Apple Watch credited with saving woman’s life after unnoticed ‘widow maker heart attack’


    The Apple Watch has again been credited with helping to detect a user’s potentially life-threatening heart condition. As first reported by local news outlet WZZM 13, a woman in Michigan says her Apple Watch alerted her to an abnormally high heart rate, sending her to urgent care where an EKG revealed she had had a recent heart attack without realizing it.

    Diane Feenstra recapped the situation in an interview with WZZM 13, saying:

    The day in question, April 22, I had 169 beats per minute heart rate even though the most vigorous exercise I had done was to walk up 12 steps. So I called my husband at work and said do you think this is concerning? And he said call your doctor.

    At the local urgent care center, doctors performed an EKG, which revealed that Feenstra had recently had a heart attack without realizing it.

    Unlike men who feel an elephant on their chest many times, a woman’s symptoms are very different. I had pain going down my left hand, I had a little swelling in my left foot, I had indigestion that I just explained away as acid reflux that I was experiencing as I got older. The biggest thing was pain in my shoulder and I figured I had vacuumed and put my muscles out of whack somehow.

    Feenstra then visited Meijer Heart Center, a clinic located in Grand Rapids, Michigan. Here, additional testing uncovered that Feenstra had a full blockage in the widow maker artery, and she had a stent procedure done to rectify the situation.

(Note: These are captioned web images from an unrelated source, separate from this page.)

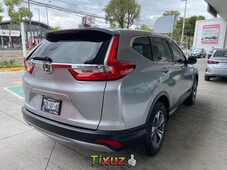 Se pone en venta Honda CRV 2018
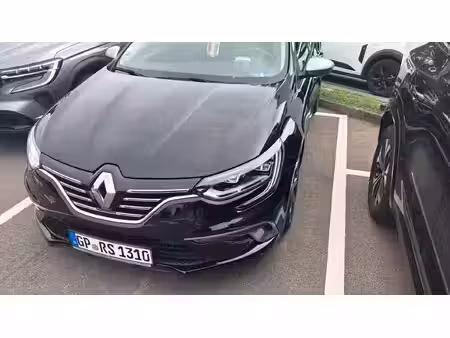 Renault Mégane 1.3 TCe 140 GT Line
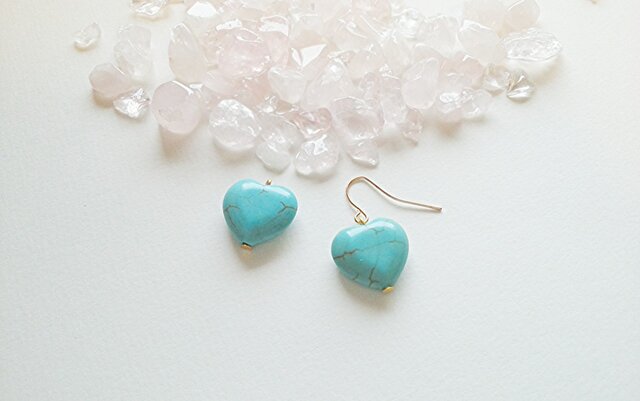 Love&ターコイズの画像1枚目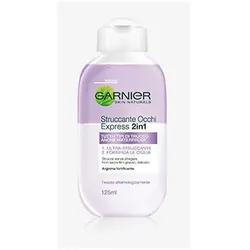 Garnier Essencial Express  2 In 1 Augen Make Up Entferner 125ml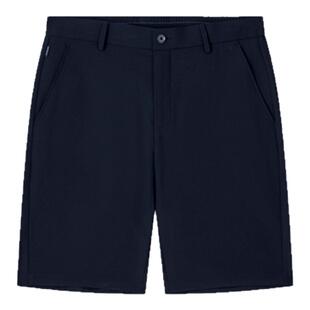 【5A抑菌】金利来2026夏季新款男士透气弹力休闲短裤男五分裤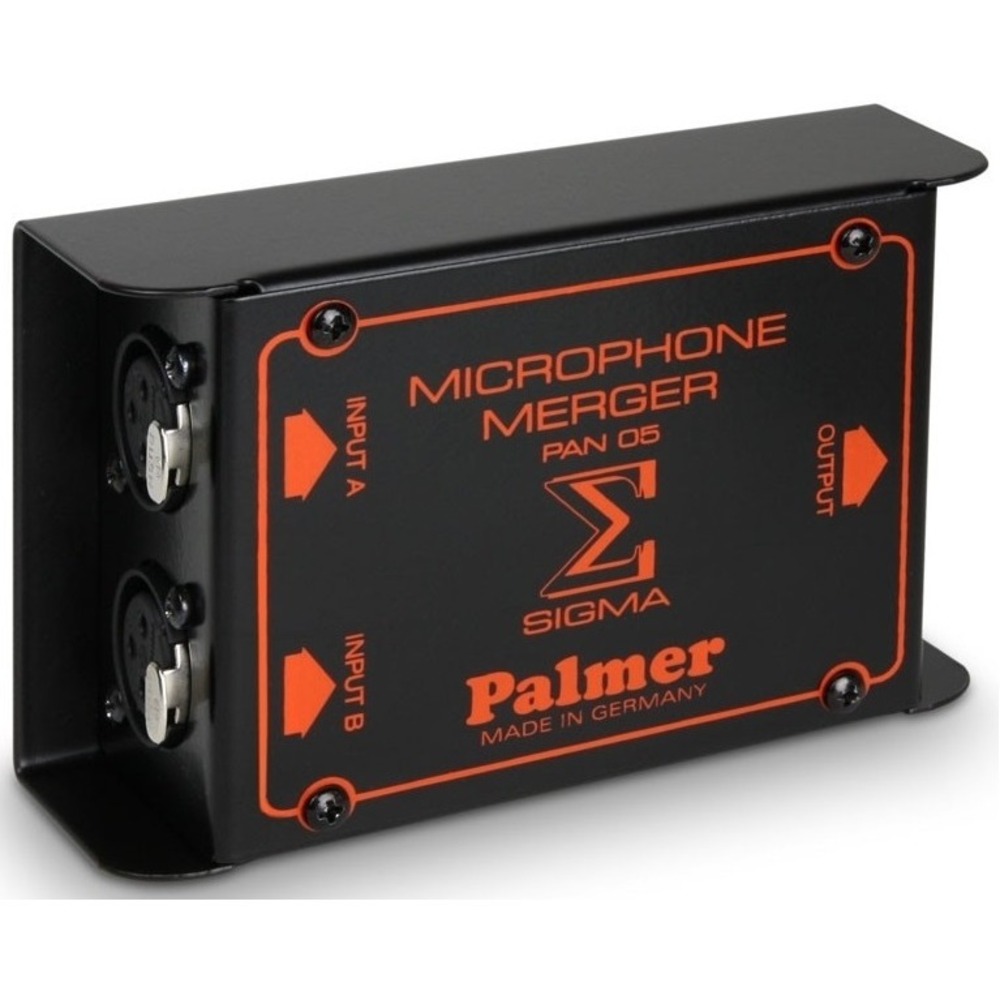 Микрофонный сумматор Palmer PAN 05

    Now, Feenstra is touting the Apple Watch as a life saver after having originally received it as a birthday gift:

    It’s such an easy thing to see what your heart rate is, had I not done that that morning, who knows, but I may have had another heart attack that would have been fatal.

    WebMD has more details on what a widow maker heart attack is, noting that it can be one of the deadliest kinds of heart attacks — particularly when it occurs outside of a hospital.